定年リストは院生・オーバドクターの側からすると、自分の専門分野のポストの売れる見通しである。そして、極めて優秀な仲間なのに売れていないポスドク支援の大キャンペーンを張ったのである。自主的なサイエンスシンポも若手が主催で開き、おもしろく、かつ頑張っているポスドクの講演会を開催するのである。そのような場は同時に自由な情報交換の場でもあった。それぞれの大学の教授達のポスドク問題への対応もしっかりと把握され、使い捨て教授は誰か、「えさ」でしばりサイエンスの自由を抑圧するのは誰か、自分のことしか考えないのは誰か、など筒抜けであった。ポスドク支援の輪は、やがて理解ある教員も含めたネットワークへと拡大し、1つ、また1つと解決へ向かった。

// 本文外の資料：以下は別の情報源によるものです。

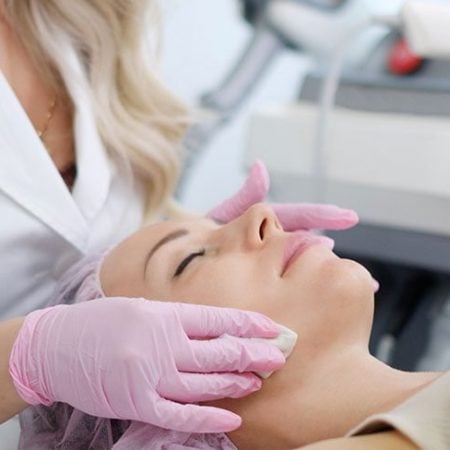 Woman gets laser facelift in clinic; eyes closed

 私はラッキーなほうで、学位取得まで2年オーバー、その後ポスドク1年で職をえることができた。
 しかし、私の4つ上の先輩が職を得たのはそれから5年後、歳は40になっていた。当時としては群を抜いていた、この分野で日本最長老のポスドクであった。彼が決まった時は心から喜んだ。

 私は院生そしてポスドク諸君にいいたい。
1。まず、自分のサイエンスを磨きなさい。しっかりとした自己主張を持ちなさい。その人の独創と主張が見えなければ誰も買いに来ません。人の手の平の上では、その人の手の平の上にしか可能性はありません。手の平の人を買いにくる人が欲しいのは、あなたではありません。その手です。大きな手なら、と思うかもしれません。しかし、今はどの人の手のひらでも追いつかないくらいポスドク問題は深刻です。だから自立なのです。自立して自己主張をし、人の輪を重んじる人はどこへでも売れます。皆、買いたがります。それを金の卵といいます。

2。そして、「競争社会において最も強いことは共同である」ことを信じて、ポスドクあるいは院生で連携をしなさい。全国ネット、世界ネットであればあるほどいい。サイエンスの基軸を絶対に外さす、大いに活躍しなさい。その輪は必ず広がります。理解ある研究者たちは大々的支援するでしょう。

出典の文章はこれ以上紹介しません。